* What is needed *
Repeat the entries exactly, keeping every line as it is.
[Study material Boundary: Start]
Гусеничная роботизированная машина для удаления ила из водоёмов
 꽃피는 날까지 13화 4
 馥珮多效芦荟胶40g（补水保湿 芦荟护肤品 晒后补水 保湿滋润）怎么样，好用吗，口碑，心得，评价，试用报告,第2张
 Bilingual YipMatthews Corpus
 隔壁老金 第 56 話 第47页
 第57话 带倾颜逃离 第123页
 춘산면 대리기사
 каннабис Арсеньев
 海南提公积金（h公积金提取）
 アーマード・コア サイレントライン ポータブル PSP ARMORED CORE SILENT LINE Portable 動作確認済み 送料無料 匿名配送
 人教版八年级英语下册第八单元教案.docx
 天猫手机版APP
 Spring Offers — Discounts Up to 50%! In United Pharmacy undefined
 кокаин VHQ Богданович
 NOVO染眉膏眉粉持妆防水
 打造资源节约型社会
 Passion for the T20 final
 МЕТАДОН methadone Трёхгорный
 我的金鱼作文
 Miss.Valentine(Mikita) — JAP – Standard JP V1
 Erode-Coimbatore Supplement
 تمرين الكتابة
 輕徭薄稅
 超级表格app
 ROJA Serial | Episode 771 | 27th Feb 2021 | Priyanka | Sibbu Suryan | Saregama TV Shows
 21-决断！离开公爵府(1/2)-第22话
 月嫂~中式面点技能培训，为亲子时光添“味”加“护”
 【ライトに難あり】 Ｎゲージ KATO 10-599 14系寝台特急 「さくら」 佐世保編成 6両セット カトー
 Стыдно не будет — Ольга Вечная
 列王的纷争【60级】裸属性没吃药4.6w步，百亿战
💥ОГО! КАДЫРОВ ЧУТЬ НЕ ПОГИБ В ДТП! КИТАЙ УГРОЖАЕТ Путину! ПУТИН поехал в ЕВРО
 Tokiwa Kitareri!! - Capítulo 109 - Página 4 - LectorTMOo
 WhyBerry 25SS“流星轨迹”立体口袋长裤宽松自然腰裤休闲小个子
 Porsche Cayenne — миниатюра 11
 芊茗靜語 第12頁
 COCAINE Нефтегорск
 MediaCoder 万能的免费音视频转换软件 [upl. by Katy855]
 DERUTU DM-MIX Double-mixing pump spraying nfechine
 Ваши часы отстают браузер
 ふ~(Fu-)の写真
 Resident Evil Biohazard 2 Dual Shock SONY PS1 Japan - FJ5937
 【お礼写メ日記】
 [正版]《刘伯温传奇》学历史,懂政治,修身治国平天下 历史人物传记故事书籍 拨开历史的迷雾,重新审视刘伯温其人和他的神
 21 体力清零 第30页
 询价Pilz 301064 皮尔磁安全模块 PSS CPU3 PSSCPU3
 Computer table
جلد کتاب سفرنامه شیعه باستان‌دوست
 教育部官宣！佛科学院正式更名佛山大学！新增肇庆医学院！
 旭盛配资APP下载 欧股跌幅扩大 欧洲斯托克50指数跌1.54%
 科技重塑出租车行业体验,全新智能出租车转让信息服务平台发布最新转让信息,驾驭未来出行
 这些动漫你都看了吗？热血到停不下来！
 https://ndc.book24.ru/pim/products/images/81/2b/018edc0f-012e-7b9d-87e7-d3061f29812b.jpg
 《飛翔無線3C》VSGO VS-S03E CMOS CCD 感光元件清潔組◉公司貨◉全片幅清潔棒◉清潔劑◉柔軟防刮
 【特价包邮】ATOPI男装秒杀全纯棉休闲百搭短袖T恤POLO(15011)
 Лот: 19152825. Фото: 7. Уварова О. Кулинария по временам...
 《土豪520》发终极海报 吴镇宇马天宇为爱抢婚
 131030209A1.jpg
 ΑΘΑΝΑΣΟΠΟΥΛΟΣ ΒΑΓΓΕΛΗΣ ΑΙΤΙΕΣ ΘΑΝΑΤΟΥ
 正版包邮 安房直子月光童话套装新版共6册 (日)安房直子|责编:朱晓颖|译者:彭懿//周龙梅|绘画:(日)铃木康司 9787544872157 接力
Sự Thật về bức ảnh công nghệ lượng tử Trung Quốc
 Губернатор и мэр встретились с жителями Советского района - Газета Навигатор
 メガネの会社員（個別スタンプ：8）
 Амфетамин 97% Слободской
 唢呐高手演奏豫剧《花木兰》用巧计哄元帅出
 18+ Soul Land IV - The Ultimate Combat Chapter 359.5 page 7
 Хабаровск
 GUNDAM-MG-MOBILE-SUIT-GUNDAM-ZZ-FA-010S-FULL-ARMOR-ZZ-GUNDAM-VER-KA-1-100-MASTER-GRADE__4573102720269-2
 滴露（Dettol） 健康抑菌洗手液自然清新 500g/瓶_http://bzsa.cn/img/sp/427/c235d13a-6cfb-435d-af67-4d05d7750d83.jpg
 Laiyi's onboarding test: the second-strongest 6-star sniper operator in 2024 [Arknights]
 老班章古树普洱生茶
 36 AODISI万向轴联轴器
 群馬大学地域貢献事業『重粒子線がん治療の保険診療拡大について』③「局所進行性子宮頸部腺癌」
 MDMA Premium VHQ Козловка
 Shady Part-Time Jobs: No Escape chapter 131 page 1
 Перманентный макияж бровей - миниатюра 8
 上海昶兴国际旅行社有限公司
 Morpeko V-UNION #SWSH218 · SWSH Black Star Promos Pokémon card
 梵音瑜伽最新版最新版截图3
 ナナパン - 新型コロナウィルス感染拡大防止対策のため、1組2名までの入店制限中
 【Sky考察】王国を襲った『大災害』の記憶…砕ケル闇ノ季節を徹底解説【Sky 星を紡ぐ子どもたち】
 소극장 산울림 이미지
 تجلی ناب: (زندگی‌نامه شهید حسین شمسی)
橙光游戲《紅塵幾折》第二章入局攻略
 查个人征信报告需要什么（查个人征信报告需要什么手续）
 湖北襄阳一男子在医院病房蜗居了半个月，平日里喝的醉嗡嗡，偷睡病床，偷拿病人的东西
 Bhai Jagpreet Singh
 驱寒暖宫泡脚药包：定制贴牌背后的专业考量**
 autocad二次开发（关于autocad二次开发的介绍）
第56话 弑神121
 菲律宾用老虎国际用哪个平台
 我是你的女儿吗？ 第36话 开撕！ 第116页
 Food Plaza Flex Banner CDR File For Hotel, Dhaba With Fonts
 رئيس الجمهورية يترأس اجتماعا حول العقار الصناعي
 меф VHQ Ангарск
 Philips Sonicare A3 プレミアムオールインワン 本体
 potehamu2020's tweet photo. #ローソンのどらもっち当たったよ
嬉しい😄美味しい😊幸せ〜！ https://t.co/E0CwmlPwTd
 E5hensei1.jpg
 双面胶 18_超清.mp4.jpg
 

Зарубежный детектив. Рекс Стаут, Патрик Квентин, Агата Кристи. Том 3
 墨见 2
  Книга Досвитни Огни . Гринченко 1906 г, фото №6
[Study material Boundary: End]
* Your solution *
Гусеничная роботизированная машина для удаления ила из водоёмов
 꽃피는 날까지 13화 4
 馥珮多效芦荟胶40g（补水保湿 芦荟护肤品 晒后补水 保湿滋润）怎么样，好用吗，口碑，心得，评价，试用报告,第2张
 Bilingual YipMatthews Corpus
 隔壁老金 第 56 話 第47页
 第57话 带倾颜逃离 第123页
 춘산면 대리기사
 каннабис Арсеньев
 海南提公积金（h公积金提取）
 アーマード・コア サイレントライン ポータブル PSP ARMORED CORE SILENT LINE Portable 動作確認済み 送料無料 匿名配送
 人教版八年级英语下册第八单元教案.docx
 天猫手机版APP
 Spring Offers — Discounts Up to 50%! In United Pharmacy undefined
 кокаин VHQ Богданович
 NOVO染眉膏眉粉持妆防水
 打造资源节约型社会
 Passion for the T20 final
 МЕТАДОН methadone Трёхгорный
 我的金鱼作文
 Miss.Valentine(Mikita) — JAP – Standard JP V1
 Erode-Coimbatore Supplement
 تمرين الكتابة
 輕徭薄稅
 超级表格app
 ROJA Serial | Episode 771 | 27th Feb 2021 | Priyanka | Sibbu Suryan | Saregama TV Shows
 21-决断！离开公爵府(1/2)-第22话
 月嫂~中式面点技能培训，为亲子时光添“味”加“护”
 【ライトに難あり】 Ｎゲージ KATO 10-599 14系寝台特急 「さくら」 佐世保編成 6両セット カトー
 Стыдно не будет — Ольга Вечная
 列王的纷争【60级】裸属性没吃药4.6w步，百亿战
💥ОГО! КАДЫРОВ ЧУТЬ НЕ ПОГИБ В ДТП! КИТАЙ УГРОЖАЕТ Путину! ПУТИН поехал в ЕВРО
 Tokiwa Kitareri!! - Capítulo 109 - Página 4 - LectorTMOo
 WhyBerry 25SS“流星轨迹”立体口袋长裤宽松自然腰裤休闲小个子
 Porsche Cayenne — миниатюра 11
 芊茗靜語 第12頁
 COCAINE Нефтегорск
 MediaCoder 万能的免费音视频转换软件 [upl. by Katy855]
 DERUTU DM-MIX Double-mixing pump spraying nfechine
 Ваши часы отстают браузер
 ふ~(Fu-)の写真
 Resident Evil Biohazard 2 Dual Shock SONY PS1 Japan - FJ5937
 【お礼写メ日記】
 [正版]《刘伯温传奇》学历史,懂政治,修身治国平天下 历史人物传记故事书籍 拨开历史的迷雾,重新审视刘伯温其人和他的神
 21 体力清零 第30页
 询价Pilz 301064 皮尔磁安全模块 PSS CPU3 PSSCPU3
 Computer table
جلد کتاب سفرنامه شیعه باستان‌دوست
 教育部官宣！佛科学院正式更名佛山大学！新增肇庆医学院！
 旭盛配资APP下载 欧股跌幅扩大 欧洲斯托克50指数跌1.54%
 科技重塑出租车行业体验,全新智能出租车转让信息服务平台发布最新转让信息,驾驭未来出行
 这些动漫你都看了吗？热血到停不下来！
 https://ndc.book24.ru/pim/products/images/81/2b/018edc0f-012e-7b9d-87e7-d3061f29812b.jpg
 《飛翔無線3C》VSGO VS-S03E CMOS CCD 感光元件清潔組◉公司貨◉全片幅清潔棒◉清潔劑◉柔軟防刮
 【特价包邮】ATOPI男装秒杀全纯棉休闲百搭短袖T恤POLO(15011)
 Лот: 19152825. Фото: 7. Уварова О. Кулинария по временам...
 《土豪520》发终极海报 吴镇宇马天宇为爱抢婚
 131030209A1.jpg
 ΑΘΑΝΑΣΟΠΟΥΛΟΣ ΒΑΓΓΕΛΗΣ ΑΙΤΙΕΣ ΘΑΝΑΤΟΥ
 正版包邮 安房直子月光童话套装新版共6册 (日)安房直子|责编:朱晓颖|译者:彭懿//周龙梅|绘画:(日)铃木康司 9787544872157 接力
Sự Thật về bức ảnh công nghệ lượng tử Trung Quốc
 Губернатор и мэр встретились с жителями Советского района - Газета Навигатор
 メガネの会社員（個別スタンプ：8）
 Амфетамин 97% Слободской
 唢呐高手演奏豫剧《花木兰》用巧计哄元帅出
 18+ Soul Land IV - The Ultimate Combat Chapter 359.5 page 7
 Хабаровск
 GUNDAM-MG-MOBILE-SUIT-GUNDAM-ZZ-FA-010S-FULL-ARMOR-ZZ-GUNDAM-VER-KA-1-100-MASTER-GRADE__4573102720269-2
 滴露（Dettol） 健康抑菌洗手液自然清新 500g/瓶_http://bzsa.cn/img/sp/427/c235d13a-6cfb-435d-af67-4d05d7750d83.jpg
 Laiyi's onboarding test: the second-strongest 6-star sniper operator in 2024 [Arknights]
 老班章古树普洱生茶
 36 AODISI万向轴联轴器
 群馬大学地域貢献事業『重粒子線がん治療の保険診療拡大について』③「局所進行性子宮頸部腺癌」
 MDMA Premium VHQ Козловка
 Shady Part-Time Jobs: No Escape chapter 131 page 1
 Перманентный макияж бровей - миниатюра 8
 上海昶兴国际旅行社有限公司
 Morpeko V-UNION #SWSH218 · SWSH Black Star Promos Pokémon card
 梵音瑜伽最新版最新版截图3
 ナナパン - 新型コロナウィルス感染拡大防止対策のため、1組2名までの入店制限中
 【Sky考察】王国を襲った『大災害』の記憶…砕ケル闇ノ季節を徹底解説【Sky 星を紡ぐ子どもたち】
 소극장 산울림 이미지
 تجلی ناب: (زندگی‌نامه شهید حسین شمسی)
橙光游戲《紅塵幾折》第二章入局攻略
 查个人征信报告需要什么（查个人征信报告需要什么手续）
 湖北襄阳一男子在医院病房蜗居了半个月，平日里喝的醉嗡嗡，偷睡病床，偷拿病人的东西
 Bhai Jagpreet Singh
 驱寒暖宫泡脚药包：定制贴牌背后的专业考量**
 autocad二次开发（关于autocad二次开发的介绍）
第56话 弑神121
 菲律宾用老虎国际用哪个平台
 我是你的女儿吗？ 第36话 开撕！ 第116页
 Food Plaza Flex Banner CDR File For Hotel, Dhaba With Fonts
 رئيس الجمهورية يترأس اجتماعا حول العقار الصناعي
 меф VHQ Ангарск
 Philips Sonicare A3 プレミアムオールインワン 本体
 potehamu2020's tweet photo. #ローソンのどらもっち当たったよ
嬉しい😄美味しい😊幸せ〜！ https://t.co/E0CwmlPwTd
 E5hensei1.jpg
 双面胶 18_超清.mp4.jpg
 

Зарубежный детектив. Рекс Стаут, Патрик Квентин, Агата Кристи. Том 3
 墨见 2
  Книга Досвитни Огни . Гринченко 1906 г, фото №6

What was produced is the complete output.